This post is the second in a “mini-series” where I’ll document how I’m working with some different APIs for custom reporting in Power BI and Excel. Today’s post is about Harvest again, but only in general terms. The example is their time_entries endpoint but what I’m really covering today I would term more generically as “iterating over a known number of pages” when calling an API.

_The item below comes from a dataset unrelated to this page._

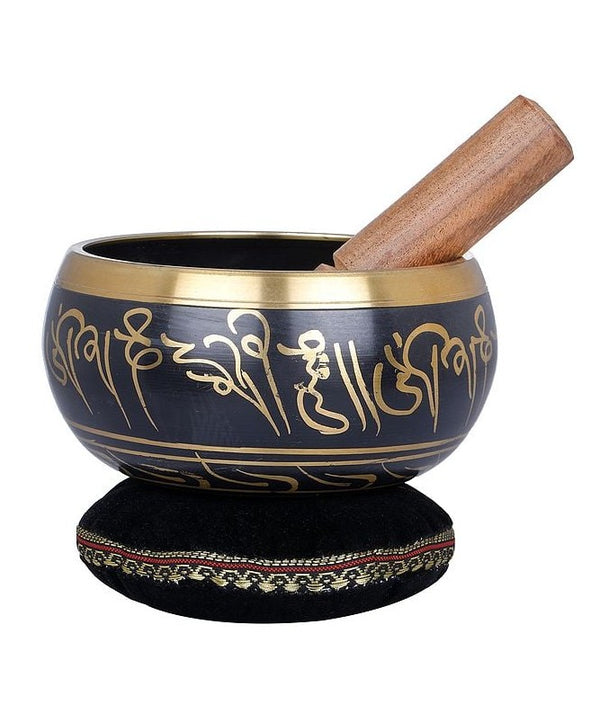 Brass Tibetan Buddhist OM Singing Bowl (Height: 7 inches) Mandir Setting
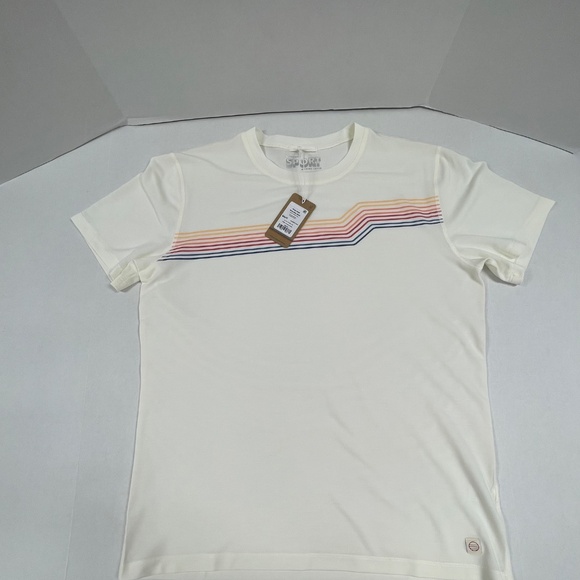Marine Layer White Sunset Stripe Air Crew Graphic Tee - Size M - NEW With Tags. - Picture 8 of 15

There has been one post in the series so far plus this post:
- Connecting to Harvest in Power Query
- Pagination in Power Query (known number of pages) ** this post
In this post, I will describe the following items:
- When to use pagination techniques
- Updating the query to add in a pagination technique
- Transforming the results into data
When to use pagination techniques
The short answer is “it depends”. My opinion is this: use queries with pagination techniques built in for anything where there is a chance of getting more than one page of results back. If I use Harvest for context here, time_entries for sure requires pagination, but clients may not. I have 20 client records in that endpoint now, and a page limit of 100 records so I feel safe ignoring pagination on a “clients” endpoint for now, it will be years before I have 5x that many customers. At some point there is a tipping point for including pagination in the query, and only you can decide what that is based on the underlying data you are pulling in. If my client list had 50 or 60 records in it, I would likely add pagination to that if I were pulling in client details to Power Query. It adds a relatively minimal overhead to the query.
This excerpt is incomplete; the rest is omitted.